Despite working as a surveyor for seven years, Franklin always wanted to study mathematics at university since mathematics was the subject for which he had a great passion. When Johns Hopkins University opened in Baltimore, Maryland, in 1876 it was the first American university modelled on the research model of the German universities of the time. In 1876 James Joseph Sylvester accepted the chair of mathematics at the University and fitted well into the idea behind the new university to merge research and teaching. The fact that Franklin was working in the City Surveyor's Office in Baltimore when Johns Hopkins University opened was a very fortunate coincidence. This led to the second of Franklin's three careers. Franklin was appointed as a Fellow at Johns Hopkins and joined the university in the autumn of 1877, one year after the university opened. Franklin attended courses at the university and also participated in the Mathematical Seminar run by Sylvester. It was an exciting time when Sylvester, full of mathematical ideas and fully participating in the research and teaching environment created at Johns Hopkins, was filling his lectures with ideas that students like Franklin were able to benefit from [1]:-

... in 1878, when Sylvester was hard at work on his main contribution to the inaugural volume of the 'American Journal of Mathematics', he undoubtedly exposed Franklin and his other listeners to his evolving ideas on the interrelations between invariant theory in algebra and the atomic theory in chemistry by punctuating his lectures, as usual, with open questions and unverified conjectures.
Sylvester appointed some members of staff such as William Story who had studied for his doctorate in Berlin and Leipzig. He also appointed Charles Sanders Peirce in 1879. One of Sylvester's first achievements after his own appointment was the founding of the American Journal of Mathematics. The first volume appeared in 1878 and the quote above refers to the paper Sylvester published in the first part of the first volume. Franklin's first paper, published in the second part of this first volume of the American Journal of Mathematics in 1878 was the 25-page paper Bipunctual Coordinates. Franklin begins his introduction by writing:-
The expressions for the bilinear coordinates of a point in terms of its trilinear coordinates contain a common denominator which is a linear function of the latter.

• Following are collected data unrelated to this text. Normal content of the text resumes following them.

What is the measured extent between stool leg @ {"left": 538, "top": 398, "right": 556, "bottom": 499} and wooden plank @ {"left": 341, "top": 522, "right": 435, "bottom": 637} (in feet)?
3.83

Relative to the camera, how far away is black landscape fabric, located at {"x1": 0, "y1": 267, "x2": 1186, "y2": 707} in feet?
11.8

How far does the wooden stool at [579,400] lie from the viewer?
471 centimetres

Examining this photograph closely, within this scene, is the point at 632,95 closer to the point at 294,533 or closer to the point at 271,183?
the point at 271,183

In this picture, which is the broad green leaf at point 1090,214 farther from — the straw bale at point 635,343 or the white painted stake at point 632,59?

Whenever, therefore, the trilinear coordinates of a point are such as to make this function equal to zero, its bilinear coordinates are infinite; nor are they infinite under any other supposition: and hence the equation formed by putting this common denominator equal to zero is called the equation of the infinitely distant straight line. When we examine the corresponding expressions for the bilinear coordinates of a line, we do not arrive at any corresponding geometrical idea. These expressions, too, have a common denominator of the first degree; but the equation obtained by putting this denominator equal to zero represents simply the origin of coordinates, a point of no geometrical importance. I propose to construct a system of coordinates. in which the infinitely distant point shall hold a position similar to that held by the infinitely distant straight line in the bilinear system.

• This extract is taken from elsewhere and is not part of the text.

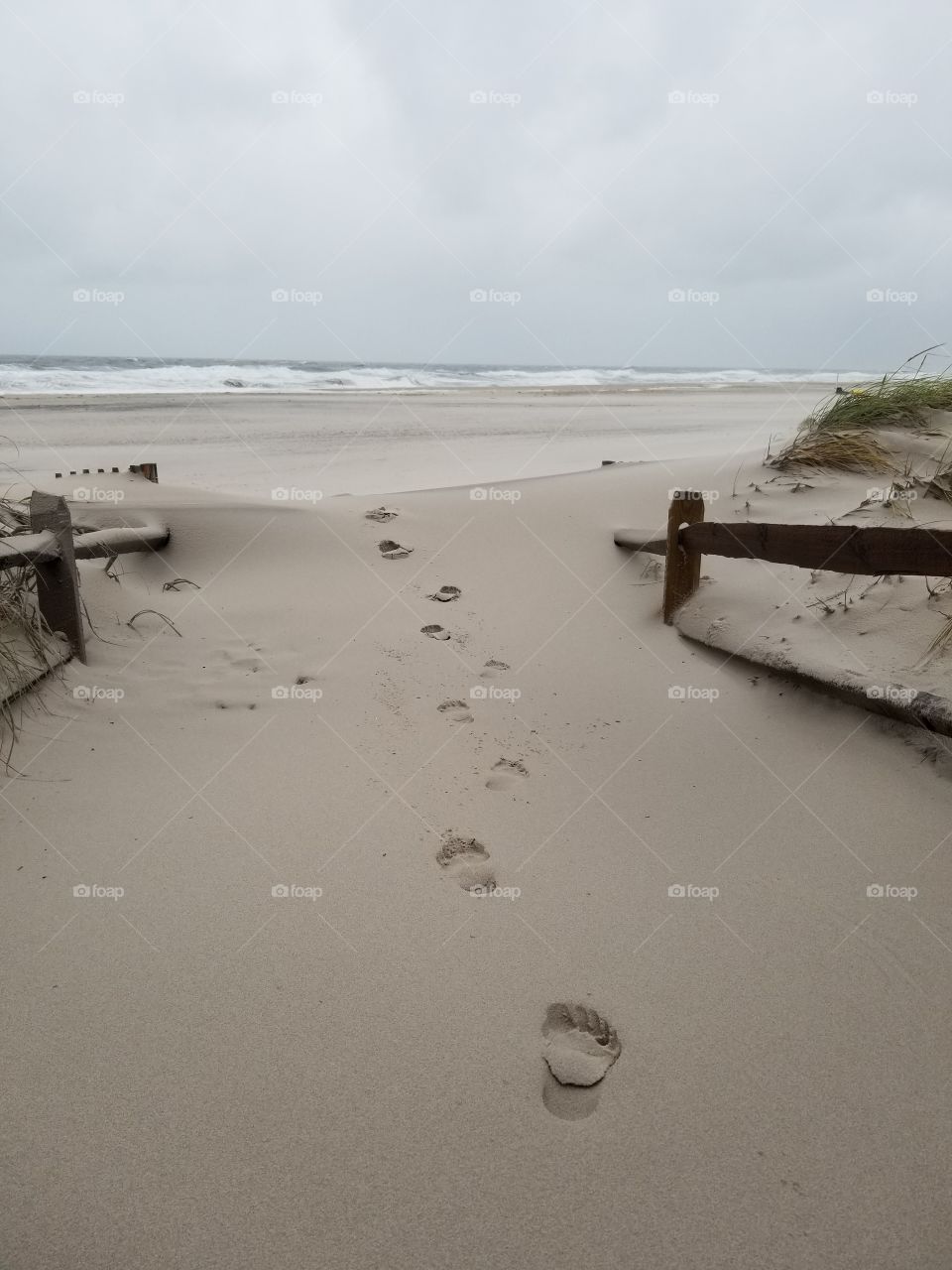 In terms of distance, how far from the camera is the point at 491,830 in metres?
2.76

This paper formed Franklin's Ph.D. thesis and he was awarded his doctorate in 1880. However, let us go back to 1878 when Franklin was really undertaking two roles at Johns Hopkins. He was attending lectures and working on the ideas that Sylvester was suggesting as problems in these lectures. His second role was acting as Sylvester's assistant and he undertook to do a considerable amount of tedious calculations directly at Sylvester's request. Franklin's second paper, published in the fourth part of the first volume of the American Journal of Mathematics in 1878, was On a Problem of Isomerism. This paper arose from Sylvester's lectures when he had spoken about the interrelation between algebra and the atomic theory of chemistry. In the paper Franklin describes the problem he was attacking as follows:-
... find the number of different compounds that can be formed by n m-valent atoms and (m - 2)(n + 2) univalent atoms; the word 'compound' being understood to mean any arrangement, whether continuous or not, in which every atom appears with exactly the number of bonds to which its valence entitles it; it being understood, moreover, that no two univalent atoms are connected with each other.
Franklin takes this problem about atoms and translates it into the following problem about partitions of integers:
... in how many ways can n - 1 bonds be distributed among n atoms, no atom having more than m bonds attached to it?

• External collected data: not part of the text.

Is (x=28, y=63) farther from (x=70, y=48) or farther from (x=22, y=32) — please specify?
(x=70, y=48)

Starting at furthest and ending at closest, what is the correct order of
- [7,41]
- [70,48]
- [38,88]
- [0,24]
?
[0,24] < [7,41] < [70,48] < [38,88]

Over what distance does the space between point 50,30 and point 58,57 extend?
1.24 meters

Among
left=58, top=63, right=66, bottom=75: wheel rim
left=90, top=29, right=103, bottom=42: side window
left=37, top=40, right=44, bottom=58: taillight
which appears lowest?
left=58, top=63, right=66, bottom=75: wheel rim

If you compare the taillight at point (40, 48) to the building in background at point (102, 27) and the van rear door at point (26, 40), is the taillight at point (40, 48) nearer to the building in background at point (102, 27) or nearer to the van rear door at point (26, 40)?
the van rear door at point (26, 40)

The paper solves the problem in the special case of m = 2. It is an important paper for here we see Franklin beginning his research into partitions of integers, the topic for which he is most often remembered today. His next paper, published in 1879 also in the American Journal of Mathematics, was also on partitions and had the title Note on Partitions. In this paper Franklin gave a different, and simpler, proof of a result on partitions that Sylvester had just published. In fact Franklin would publish a number of papers giving clever proofs of existing theorems over the following years. Another thing to note about the Note on Partitions is Franklin's use of generating functions, another topic he returned to several papers.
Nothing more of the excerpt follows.